RECORDED DATA —

....

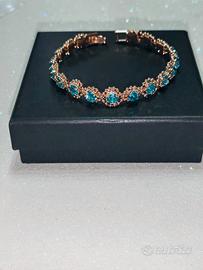 Bracciale Tennis Colore Oro Con Zirconi Azzurri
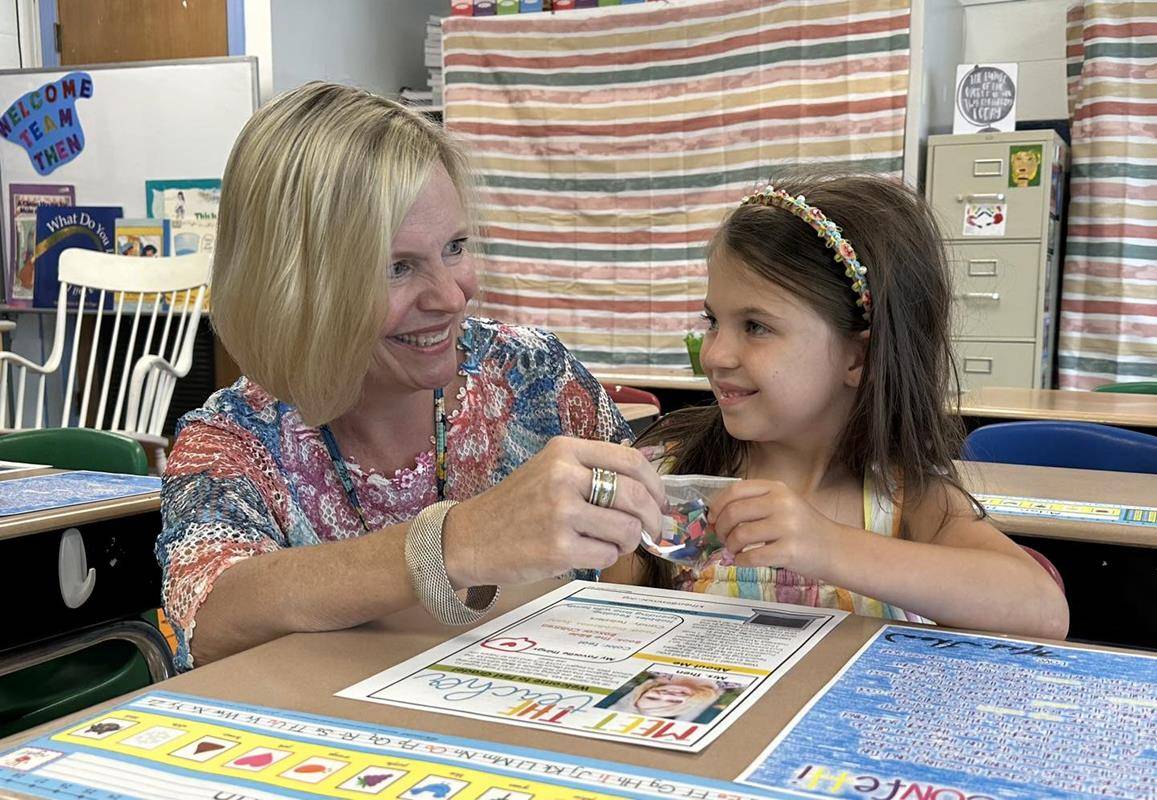 First grader Sophia receives “Ready Confetti” from Mrs. Then during Meet the Teacher at Immaculata School.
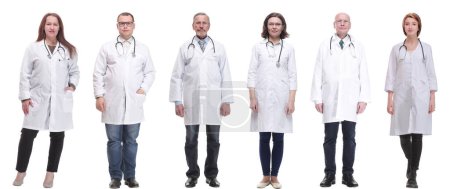 Photo for Group of doctors in full length isolated on white background - Royalty Free Image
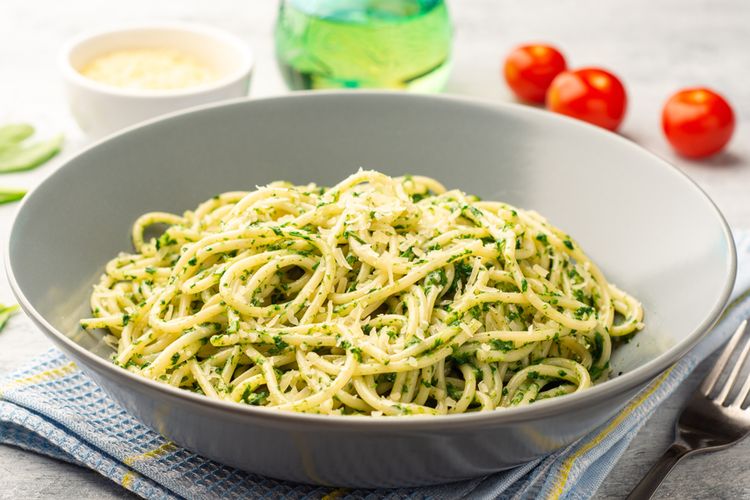Ilustrasi spaghetti dengan saus warna hijau.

....

ABOUT THIS TASK — Please output all of the data exactly as given, omitting any images it holds.

EXERCISE RESULT —
 Bracciale Tennis Colore Oro Con Zirconi Azzurri
 First grader Sophia receives “Ready Confetti” from Mrs. Then during Meet the Teacher at Immaculata School.
 Photo for Group of doctors in full length isolated on white background - Royalty Free Image
Ilustrasi spaghetti dengan saus warna hijau.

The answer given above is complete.